Trekking about 12 kilometres each day, the walk is tough-going at times but it’s not a big ask of a reasonably fit first-timer. Regular rest stops make it easy to keep going on the uphill climbs, as does the promise of a hearty two-course dinner in boutique accommodation at day’s end. This is, after all, exercise sweetened with a liberal dose of self-indulgence.
The tone is set on day one, when our guides, Richard Perry and Allistair Gehan, pick us up at Melbourne’s National Gallery of Victoria and bus us to Daylesford. On the way, we stop in the charming town of Trentham for coffee and cake by the warmth of the 1891 Scotch oven at RedBeard Bakery. Famous for its sourdough, RedBeard turns out up to 400 loaves a day.

Hikers take on the Goldfields Track not far from Hepburn Springs
Suitably carbo-loaded, we start the walk at picturesque Lake Daylesford, passing dry-stone walls and hugging the contours of the creek valleys. An hour in, though, the right sole of my rarely used 15-year-old hiking boots starts disintegrating, leaving a trail of rubber behind me. The left sole crumbles soon after. A repair job with Richard’s first-aid tape (over a lunch of chicken and salad wraps) proves pointless and by 2 pm my right knee is throbbing – I even resort to using a walking pole (which I’d silently pooh-poohed just hours earlier). Gingerly, I inch my way up the steep, rocky trail above Sailors Creek, past blackberry bushes and over cubes of wombat poo, while the sixty-somethings speed ahead.

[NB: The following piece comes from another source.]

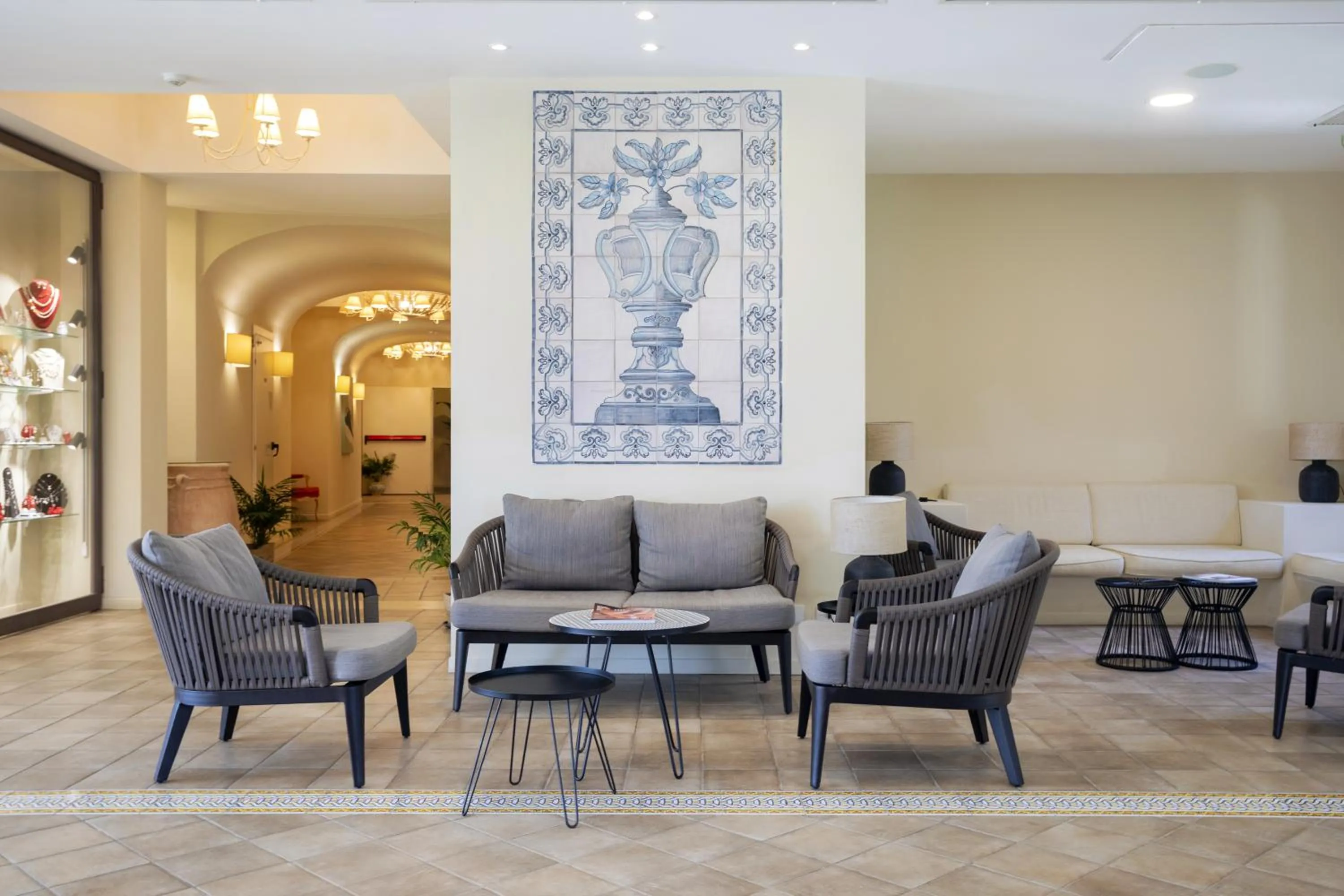 Lobby or reception, Seating Area in Costanza Charme Club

Admittedly, it’s not a ripping start so it’s a relief when we reach The Manor House. The impressive guesthouse has a huge common area and galley kitchen, plus eight spacious bedrooms and ensuites, all furnished with antiques. There’s no time for icing an injury, though, because we’re booked in for a spot of pre-dinner communal bathing.
Victoria’s Central Highlands has Australia’s highest concentration of natural mineral springs and most of them are found around Daylesford and Hepburn Springs. At Hepburn Bathhouse & Spa, a “social bathing” hotspot since 1895, my seven fellow walkers and I sample the supposedly health-giving waters once prescribed for everything from scrofula to dyspepsia. We soak in the pool and spa – heated to 36°C and 39°C respectively – while gazing at views of the surrounding bushland. It’s such a welcome tonic that some in our group make an unscheduled return trip the next night.

The writer takes in work by Barbara Hauser at the Convent Gallery.
Back at The Manor House, we enjoy a generous spread of cheese and nibbles around the double-sided fireplace, followed by salmon fillets with couscous salad and for dessert, apple crumble – all whipped up by our multi-tasking tour guides. We dine on a long table fashioned from old wooden doors, while trading stories and discussing the day ahead.
The next morning, shoeless and with no hiking shops nearby, I make a mercy dash to Vinnies. Emerging with a pair of 12-buck, preloved runners, I’m back on the trail – the combo of jeans and gigantic white sneakers making me look like a strangely outdoorsy Jerry Seinfeld.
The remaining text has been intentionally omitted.